Highlights & Insights¶
- Introduction of embedding hashing to KGQA with a mutual information optimality proof: This is not just engineering compression; the loss design is derived from the clear theoretical condition that "preserving cosine similarity leads to maximum mutual information."
- Decoupling of computation and embedding model size: Fixed-dimension hash codes mean the system can benefit from future, more powerful embedding models for "free," without increasing on-device costs—a structural advantage over GNN-RAG’s "recompute embeddings during training" approach.
- On-device closed-loop for distribution shifts: Automatic label generation allows the system to continue learning without sending private data to a server, resolving the conflict between privacy and adaptability in a deployment-ready design.

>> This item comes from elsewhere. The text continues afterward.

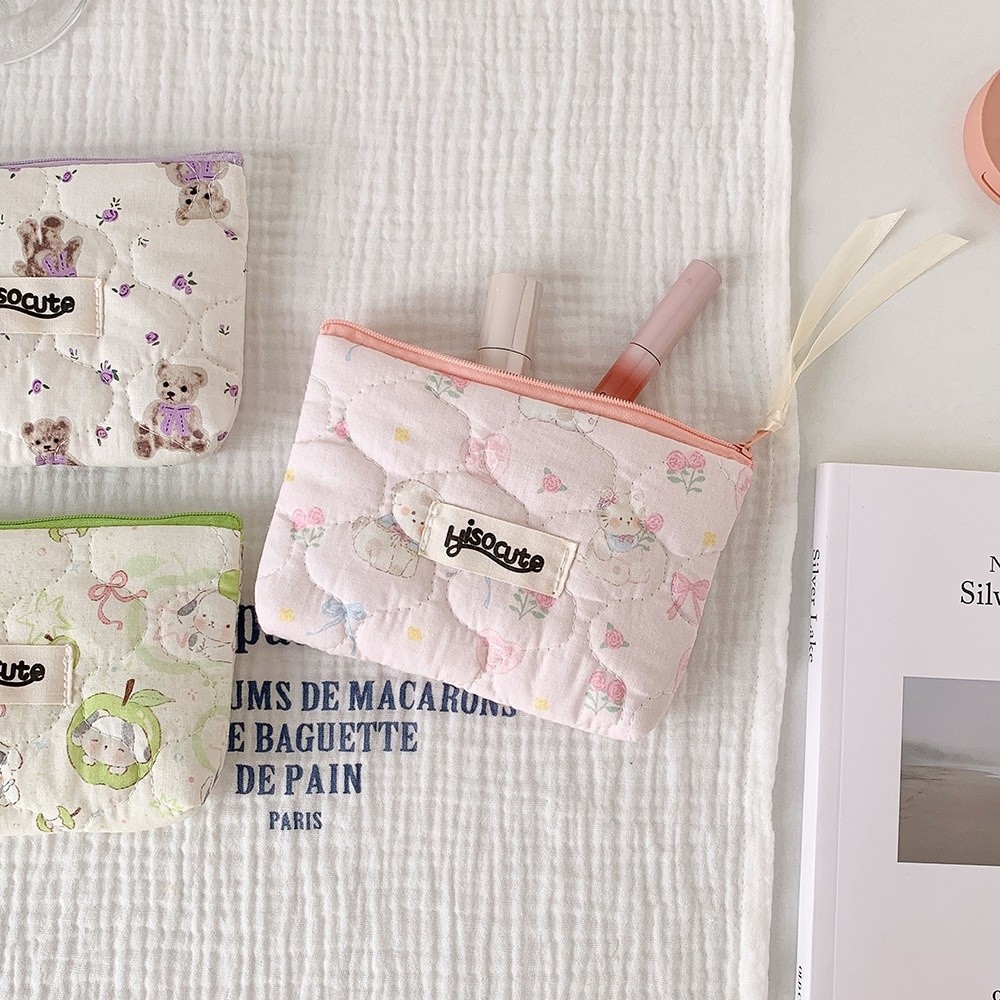 Bowknot Bow Stationery Bag Swe - огляд і ціна Aesthetic Large Pencil Case Pouch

Limitations & Future Work¶
- Dependence on on-device LLM quality: Label generation still relies on a local LLM. While quality on 2B-class models exceeds baselines, absolute ROUGE-L/BERTScore metrics (42.8/48.7) still lag behind human experts, and erroneous labels could accumulate bias.
- Ceiling of the shortest path heuristic: Using shortest paths to approximate true reasoning paths may miss genuine logical chains in scenarios requiring long-range/multi-hop complex reasoning.
- Evaluation limited to WebQSP/CWQ benchmarks: Distribution shifts were simulated by manually partitioning D1/D2/D3. Real-world data shifts on mobile devices are more complex, and generalization requires further verification.
- The authors also note in the ethics section that personalized systems may introduce bias, left as future work.
Related Work & Insights¶
- Three Schools of KGQA: IR-based (NSM, EmbedKGQA, ReaRev) perform graph reasoning on subgraphs; SP-based (QGG, DecAF, UnifiedSKG) translate questions into query languages like SPARQL; LLM-based are split into ICL (KB-BINDER, ToG, StructGPT) and Fine-tuning (RoG, ChatKBQA, GNN-RAG, SubgraphRAG). This paper sits at the intersection of IR-based and LLM path retrieval.
- Insights: The approach of hashing + mutual information preservation can be transferred to other "on-device retrieval-augmented" scenarios (e.g., on-device RAG). Decomposing complex supervision signal generation into explainable steps to reduce tokens has universal value for synthetic data generation under resource constraints.
Rating¶
- Novelty: ⭐⭐⭐⭐ — The first on-device trainable KGQA; embedding hashing with MI proof and step-by-step labeling are well-integrated and purpose-built.
- Experimental Thoroughness: ⭐⭐⭐⭐ — Tested energy/throttling on real Jetson hardware, across two benchmarks, multiple embeddings/LLMs, and exhaustive ablations for hash dimensions and label quality.
- Writing Quality: ⭐⭐⭐⭐ — The two research questions drive the narrative; methods map clearly to motivations; tables/figures are complete; theory is concise with appendix support.
- Value: ⭐⭐⭐⭐ — Clear deployment value for personalized on-device KGQA under privacy/resource constraints; provides a reusable engineering and theoretical paradigm for on-device RAG/KGQA.